If no response is filed within 30 days, the proposed adjustment is deemed accepted and the consequential intimation is issued with demand or reduced refund. Remedies: (i) file Section 154 rectification online citing the mistake apparent, (ii) where the issue is substantive, file appeal under Section 246A within 30 days of intimation. Condonation of delay can be sought under Section 5 of the Limitation Act with sufficient cause.
On completion we hand over every relevant document — certificates, acknowledgements, challans and a short summary of what was done — so your IT Notice Reply record is complete. Kotturpuram clients keep a clean file they can produce anytime.

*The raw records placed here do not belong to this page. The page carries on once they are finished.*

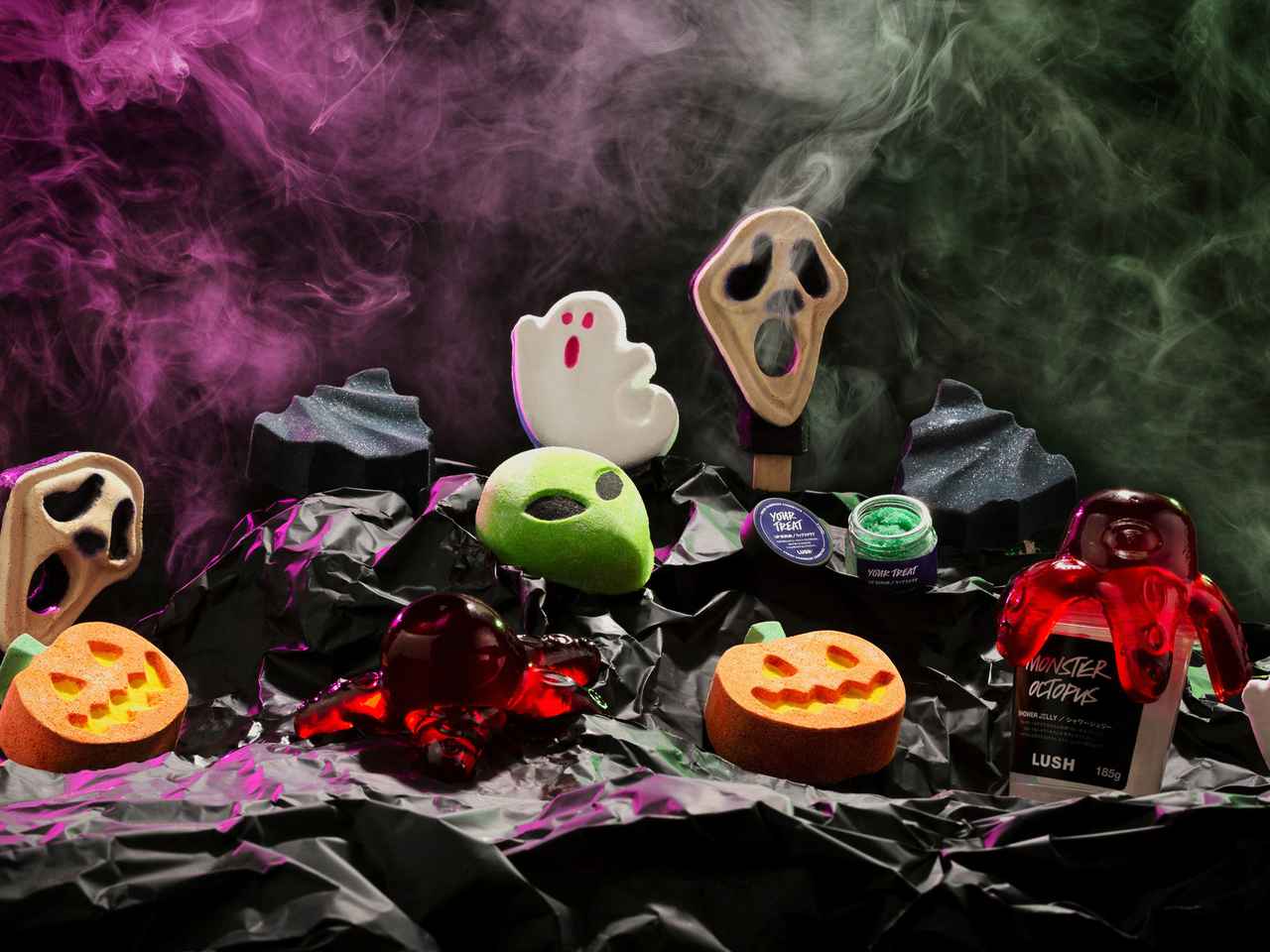 LUSHから、ハロウィン限定“おどろおどろしい”バスグッズが登場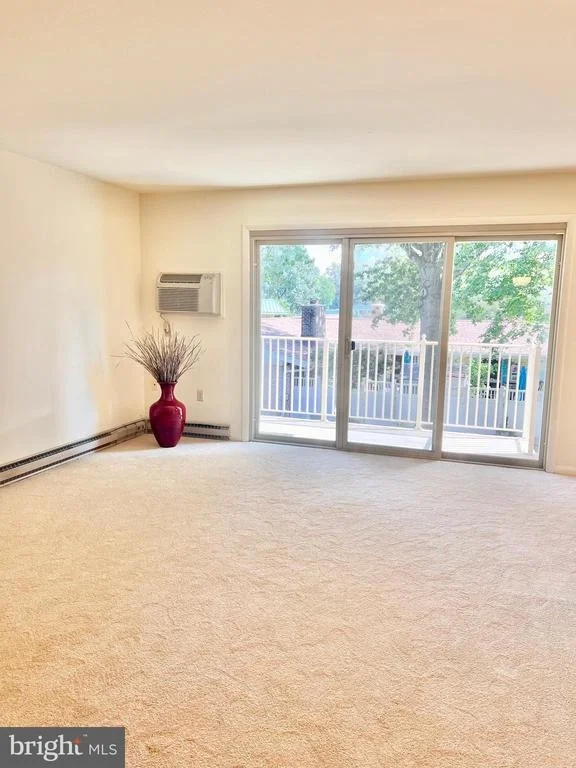 Photo of Unit 732B at 3398 GLENEAGLES DRIVE
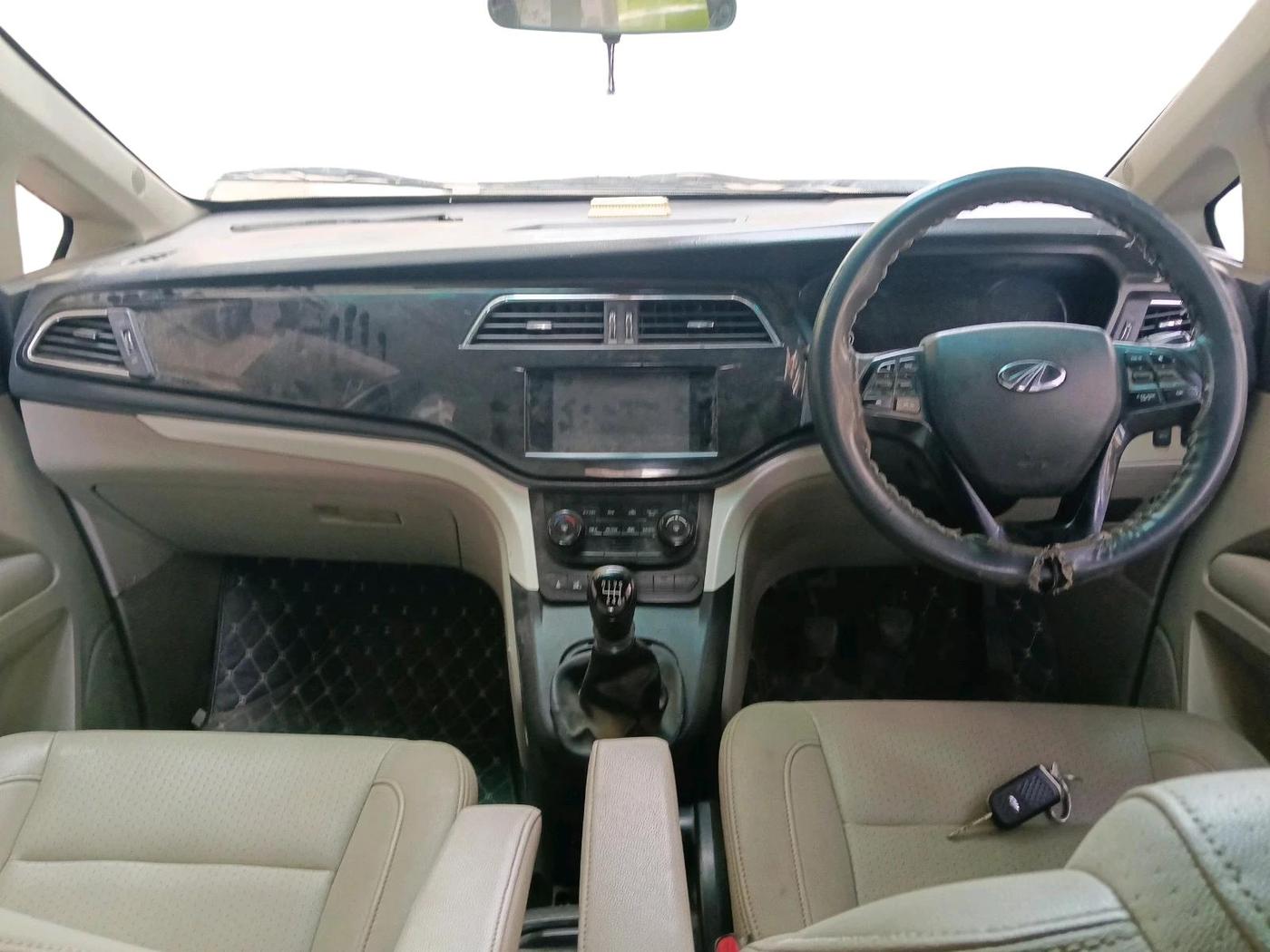 2018 Mahindra MARAZZO M8 7 STR, Diesel, Manual, 1,38,349 km, interior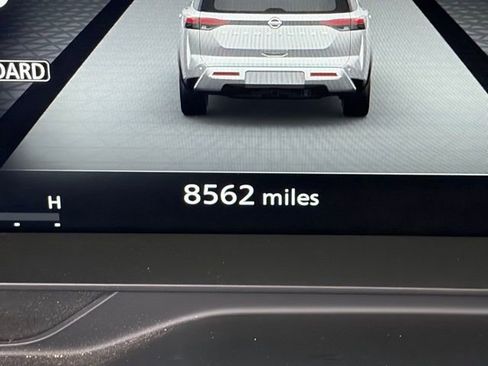 Used 2025 Nissan Pathfinder Platinum w/ Cargo Package image 18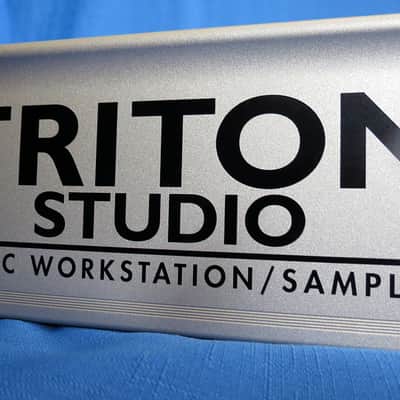 Korg Triton Studio 76 key Workstation - as new, with upgrades image 12
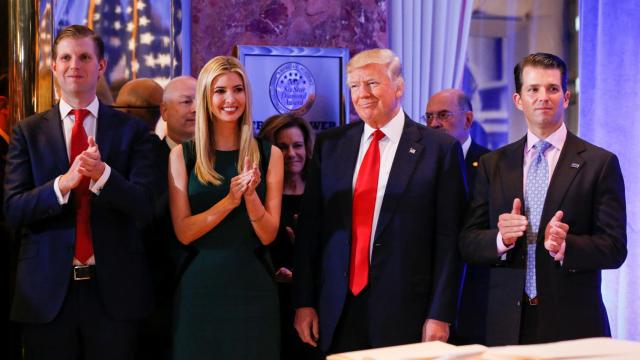 Eric, Ivanka y Donald Jr. junto a su padre tras la rueda de prensa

CBDT Office Memorandum dated 31 July 2017, modifying the earlier Instruction 1914, sets twenty per cent of the disputed demand as the standard pre-deposit for grant of stay by the assessing officer pending disposal of the first appeal. The figure can be relaxed downward in cases where the assessment is high-pitched, the issue is covered by a jurisdictional High Court ruling in favour of the assessee, or genuine financial hardship is demonstrated. Where the AO refuses or grants stay only on payment of an excessive deposit, recourse lies to the Pr.CIT and onward to writ jurisdiction.
For Section 143(1)/(1)(a) intimations involving simple TDS/26AS mismatch, the assessee can reply on the portal directly. For Section 143(2) scrutiny, Section 148 reassessment, Section 263 revision, Section 270A penalty or Section 144B faceless assessment with a draft addition, professional representation is strongly advisable — the technical detail of computation, case law, video-conference hearing protocol, and natural-justice arguments materially impacts the outcome.

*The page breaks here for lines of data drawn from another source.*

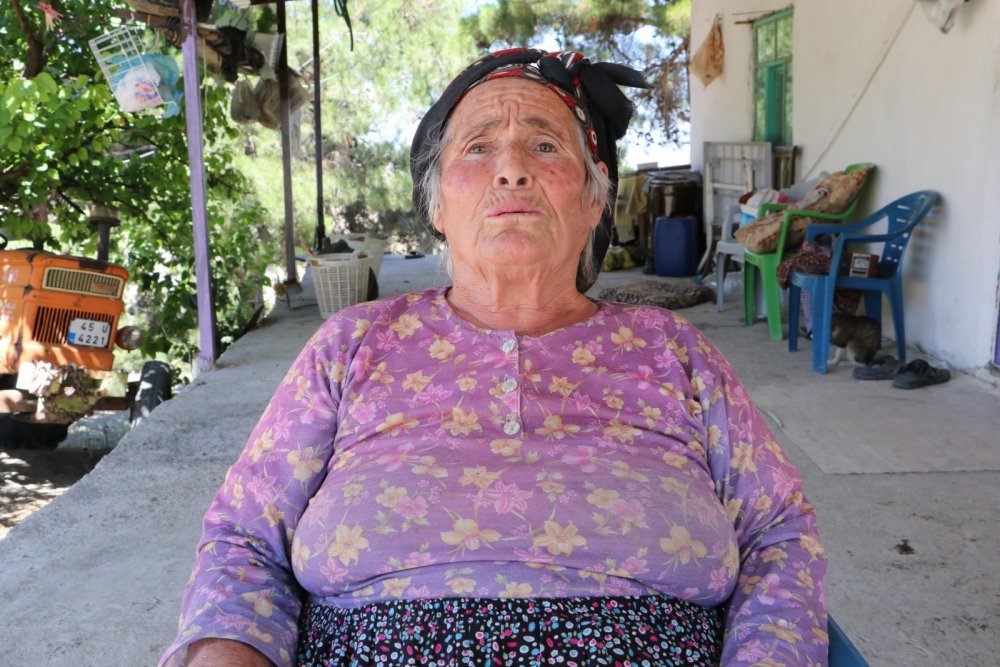 Manisa Selendi halkı Başkan Cengiz Ergün'e dua ediyor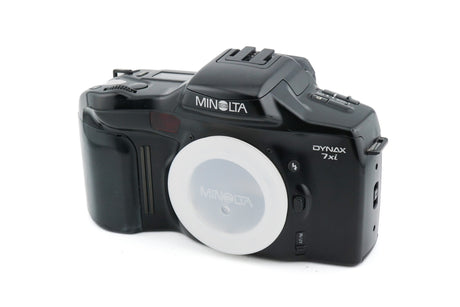 Minolta Dynax 7xi - Analoge 35mm SLR Kamera (Generalüberholt) Schwarz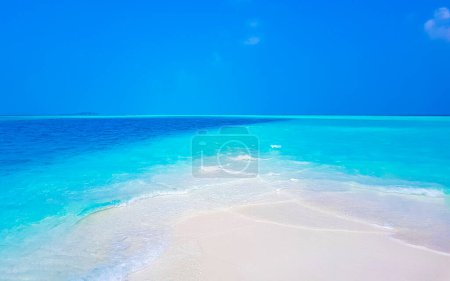 Foto de Gradiente de color en las islas del banco de arena Madivaru y Finolhu en el atolón Rasdhoo Maldivas.. - Imagen libre de derechos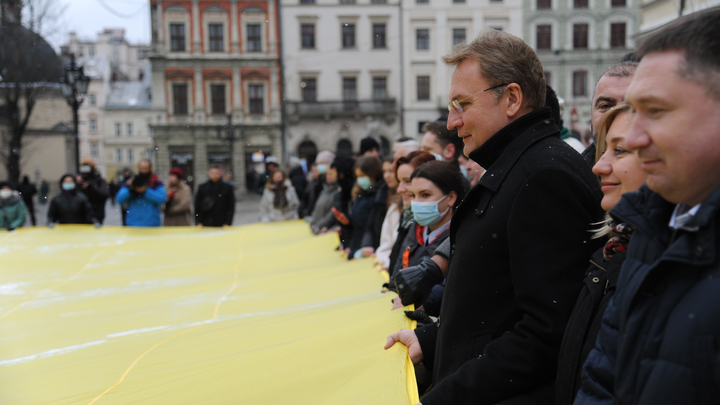 Мэр Львова отказался от покупки белорусских МАЗов, чем насмешил соцсети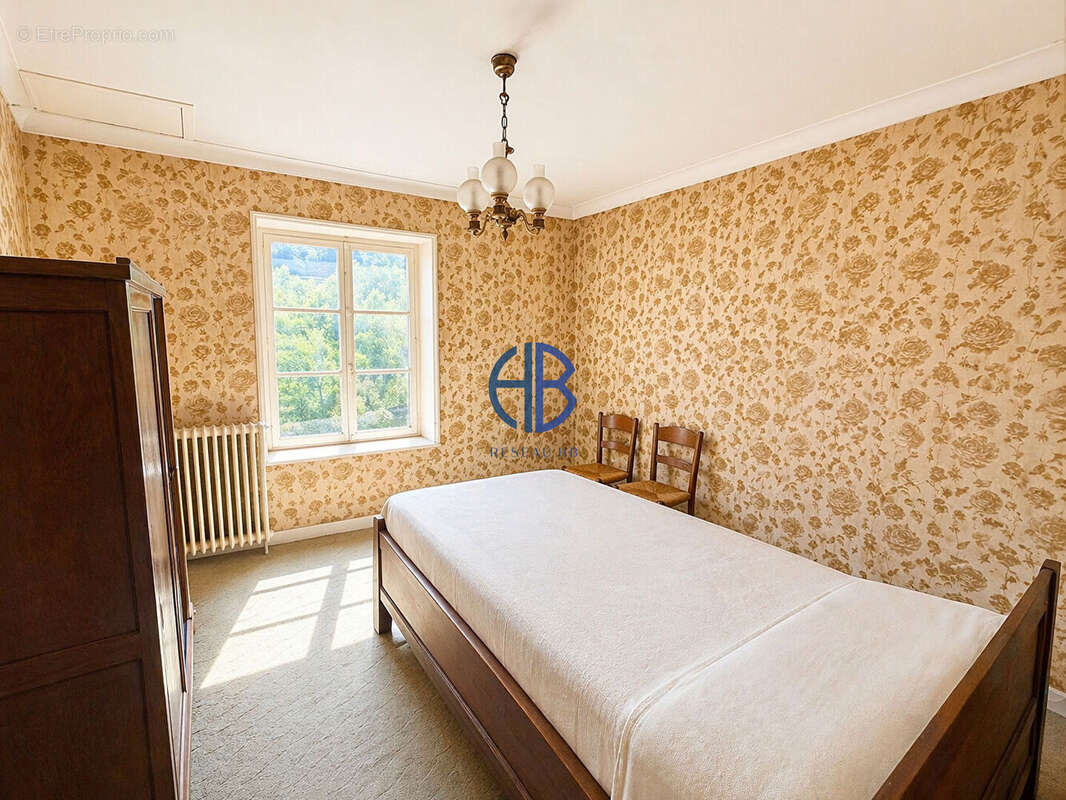 Maison à LES EPARRES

Section 264 is revision in favour of the assessee — the Pr.CIT/CIT may, on application or suo motu, revise any order passed by an authority subordinate to him if it is prejudicial to the assessee. Application must be filed within 1 year from the date of communication of the order. Unlike Section 263, no appeal lies against the original order — the assessee chooses between Section 246A appeal and Section 264 revision but cannot pursue both.
Section 148A is the mandatory enquiry-with-show-cause stage that must precede a Section 148 notice. The four sub-stages are: (a) conduct any enquiry, with prior approval of specified authority, with respect to information suggesting escaped income; (b) provide an opportunity of being heard by serving a show-cause notice of not less than 7 days but not more than 30 days; (c) consider the assessee's reply; and (d) pass a speaking order, with prior approval, deciding whether it is a fit case for issue of Section 148 notice.
IT Notice Reply near Kotturpuram:

Our IT Notice Reply clients in Kotturpuram are spread right across the locality — along RA Puram 2nd Main Road, TTK Road, Turnbulls Road, Adyar Gate Club Road and Archbishop Mathias Road, and through the Canal Bank Road, Chamiers Road, East Kottur Canal Bank Road and Ellaiamman Koil Street business stretches — so wherever your premises sit, expert help is close by.